In the UK we had Dave Ramsden’s Treasury review (pdf) of the OBR. The most positive aspect of the review is the recommendation for more resources. I guess the headline news was that the OBR would not be asked to cost opposition policies before elections, as the Dutch fiscal council has done for some time, and as the Australian PBO now does. I would have liked a different decision, but my disappointment is mitigated by three factors:
- the report does recommend the “OBR should ensure greater availability of tools and data to allow third parties to cost alternative policy options”.
- in the UK we have the IFS, which does do this and currently (and rightly) has a quasi-official status
- the level of the fiscal debate in the UK media is currently so poor that I’m not sure how much such a development would improve things.
This last point raises something of a paradox. People like me hoped that fiscal councils like the OBR would improve the public debate. This paradox reflects in part the particular nature of the OBR, which would not be allowed to say - for example - that the fiscal charter is economically illiterate (i.e. no economist agrees with it). Fiscal councils in some other countries can do that, and indeed were set up to do that.
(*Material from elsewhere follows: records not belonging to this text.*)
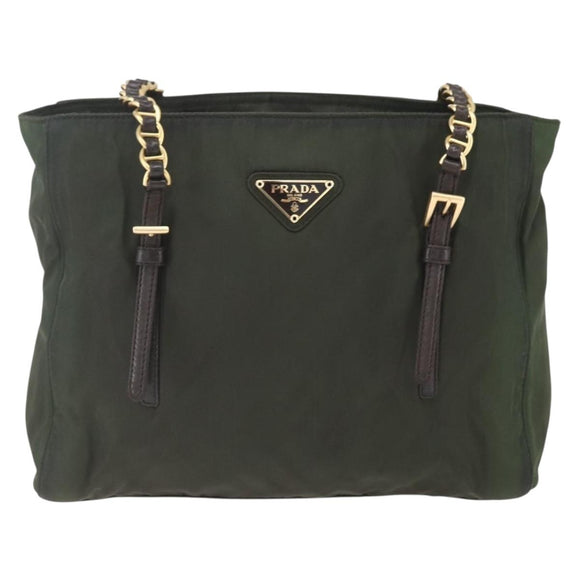 PRADA Chain Tote Bag Nylon Khaki Gold Auth 168613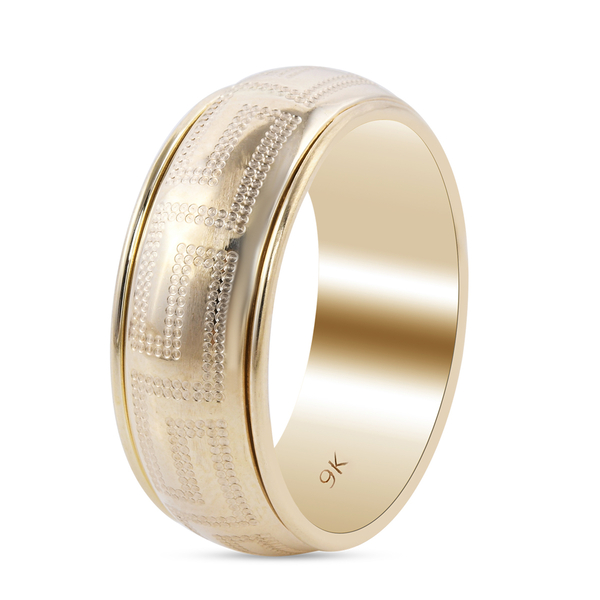 Italian Made - 9K Yellow Gold Greek Key Band Ring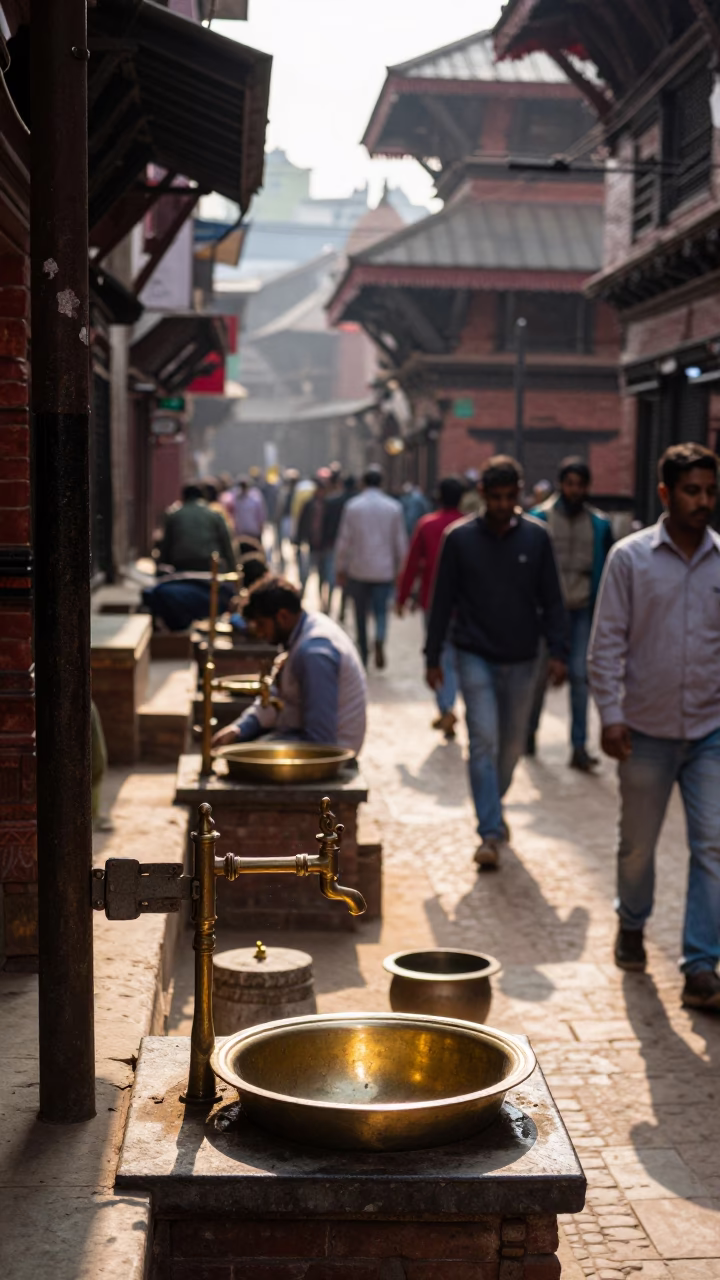 Busy Kathmandu Street Scene with Wash Basin and Hinge Details in in Kathmandu, Nepal
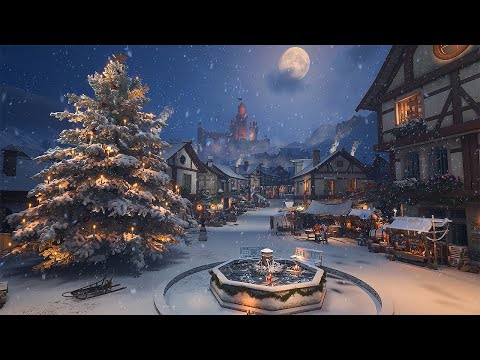 Medieval Christmas Market 🎄 Relax on this Winter Ambience Experience in Medieval Town at calm Night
This is a gap the IFS cannot fill. I guess the OBR will not be allowed to comment on the economics of different fiscal rules until the UK gets a more sensible rule. I think it is quite likely that if the OBR was able to say such things, we would not have had this particular fiscal charter and we would all be better off as a result.
With the rapid growth in the number of fiscal councils around the world, the case for some kind of international network has become much stronger. It is therefore good news is that one is about to be established for those in the EU. There are at least two important roles such a network can have, apart from the obvious one of spreading best practice.
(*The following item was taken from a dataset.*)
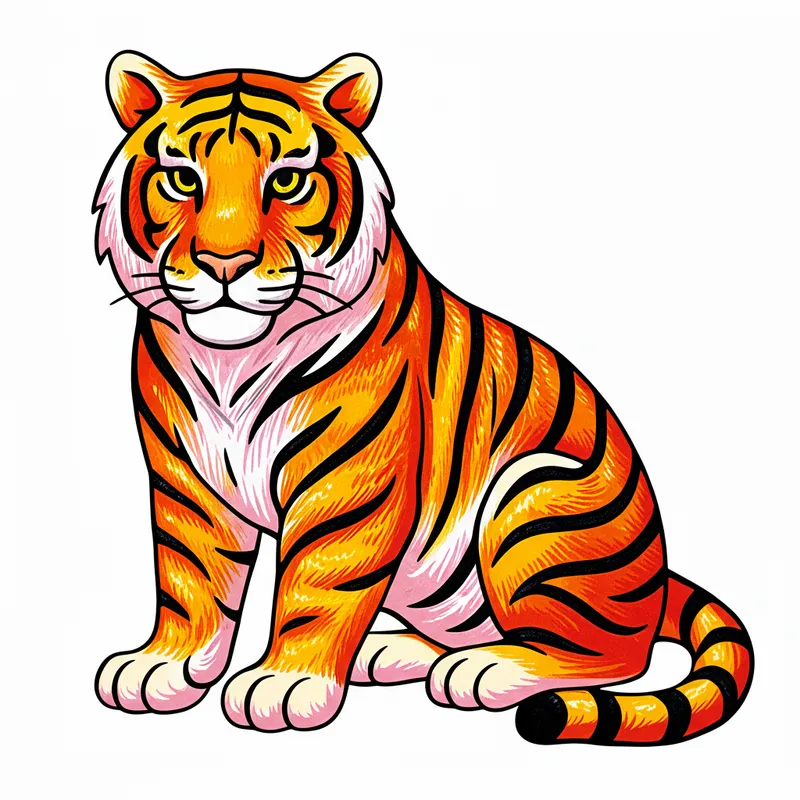 Majestic Sitting Tiger Coloring Page colored reference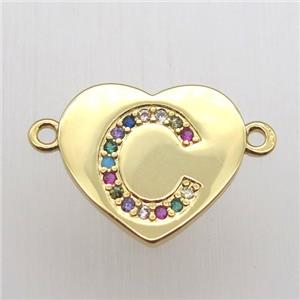 copper letter connector, heart, gold plated, approx 15-16mm [FN12450]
First, it can help establish and maintain independence for individual fiscal councils, which may be put under various kinds of pressure by their national governments. Sometimes this pressure is just verbal, and often indicates that the council is doing its job. I have just come back from Ireland, where the Irish fiscal council criticised a pre-election giveaway by the government. Its chairman John McHale also suggested that it might break the Commission’s fiscal rules. The government then revealed that it had obtained agreement from Brussels, but had not told the fiscal council. It managed to spin this as an error made by the council, which journalists dutifully parrotted. Substantive criticism was thereby deflected. That kind of thing from governments is only to be expected. It becomes more serious when governments react to criticism in financial or even existential terms, as has happened in Canada and Hungary. In those cases, the council needs all the defence it can get.
Second, a network can act as an important pressure group on the Commission. The Commission itself has recently established an Advisory Fiscal Board, which if nothing else can increase the dialogue between the fiscal councils and the Commission. I talked about the dual system of fiscal monitoring within Europe here, and how I hope we will see a gradual reduction in central control and more discretion given to national governments monitored by strong national fiscal councils. If Daniel Gros is right and German hegemony is coming to an end, then maybe it might just happen - one day.